RAW DATA: Begin

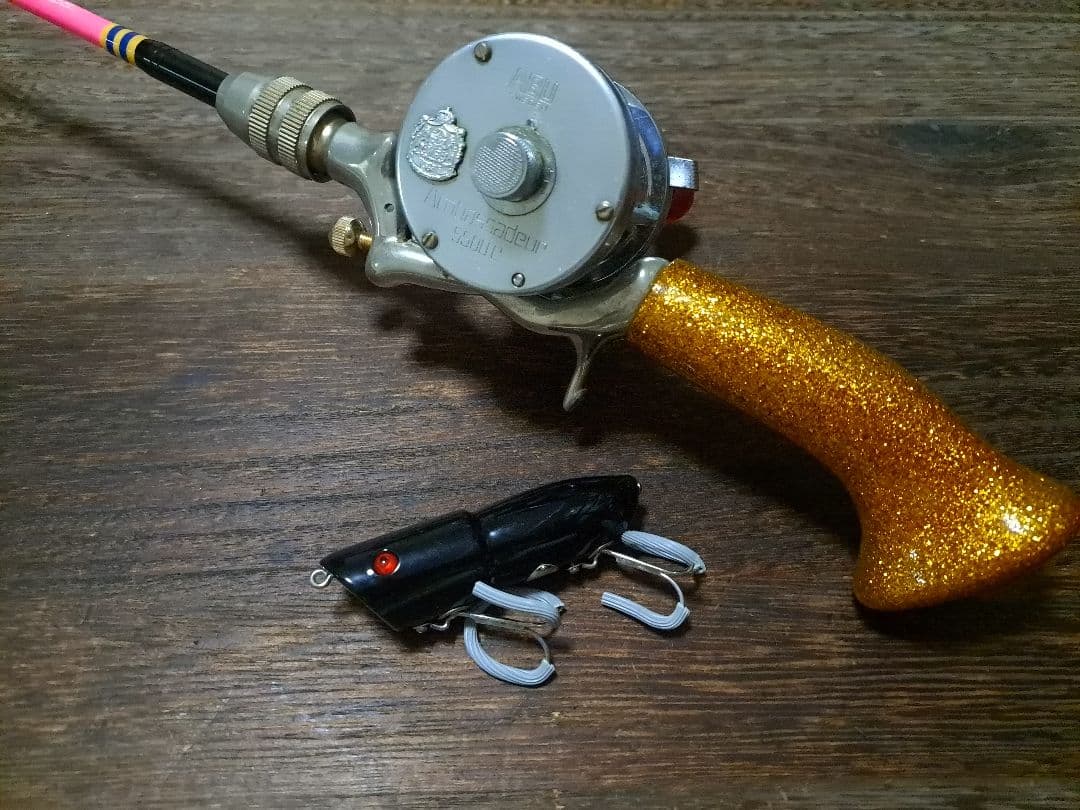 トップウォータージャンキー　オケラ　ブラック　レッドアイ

RAW DATA: End
RAW DATA: Begin

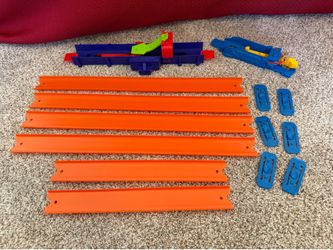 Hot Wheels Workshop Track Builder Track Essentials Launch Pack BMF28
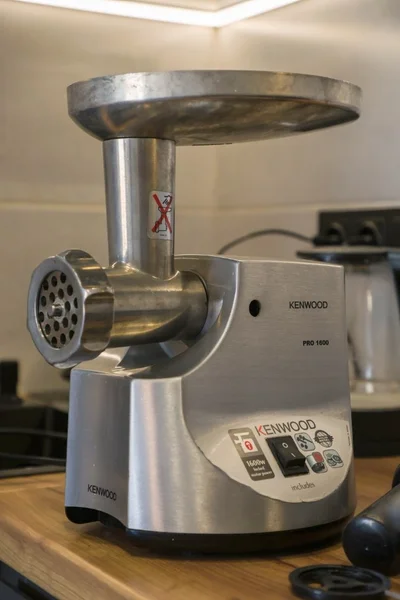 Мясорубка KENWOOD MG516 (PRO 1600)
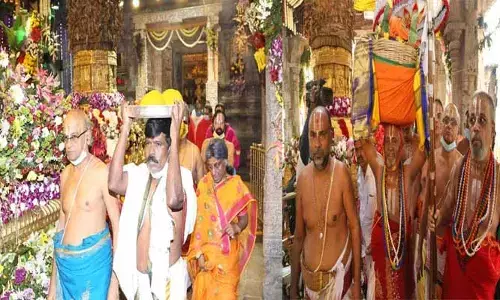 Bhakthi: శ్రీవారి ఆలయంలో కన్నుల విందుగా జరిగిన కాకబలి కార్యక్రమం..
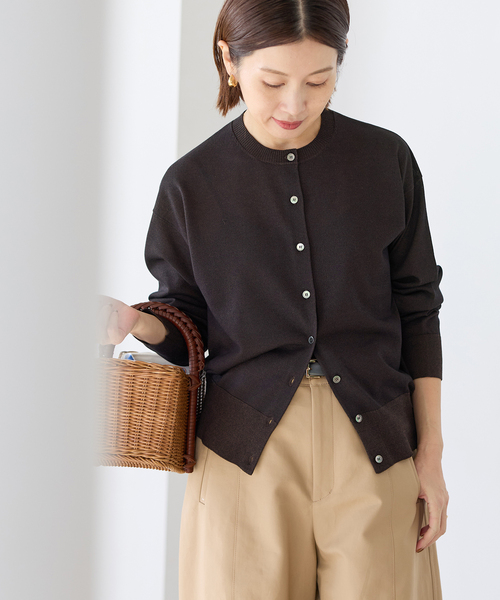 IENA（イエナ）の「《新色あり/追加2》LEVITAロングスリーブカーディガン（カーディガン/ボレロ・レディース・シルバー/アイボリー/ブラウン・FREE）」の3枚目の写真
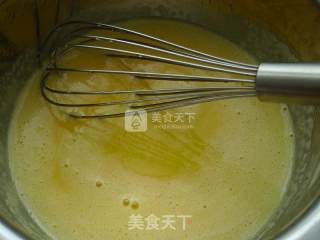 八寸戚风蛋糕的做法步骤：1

RAW DATA: End
RAW DATA: Begin

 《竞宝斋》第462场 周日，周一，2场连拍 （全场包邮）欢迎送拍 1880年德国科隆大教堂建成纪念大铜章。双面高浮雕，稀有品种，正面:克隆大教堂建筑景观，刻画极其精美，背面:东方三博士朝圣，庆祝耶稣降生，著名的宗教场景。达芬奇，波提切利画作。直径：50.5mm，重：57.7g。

RAW DATA: End

◆ **GOAL OF THE EXERCISE**:
Taking the entries above, extract every line from the one bearing "Bhakthi: శ్రీవారి ఆలయంలో" through the one bearing "八寸戚风蛋糕的做法步骤：1", exactly, with no pictures.

◆ **EXERCISE ANSWER**:
 Bhakthi: శ్రీవారి ఆలయంలో కన్నుల విందుగా జరిగిన కాకబలి కార్యక్రమం..
 IENA（イエナ）の「《新色あり/追加2》LEVITAロングスリーブカーディガン（カーディガン/ボレロ・レディース・シルバー/アイボリー/ブラウン・FREE）」の3枚目の写真
 八寸戚风蛋糕的做法步骤：1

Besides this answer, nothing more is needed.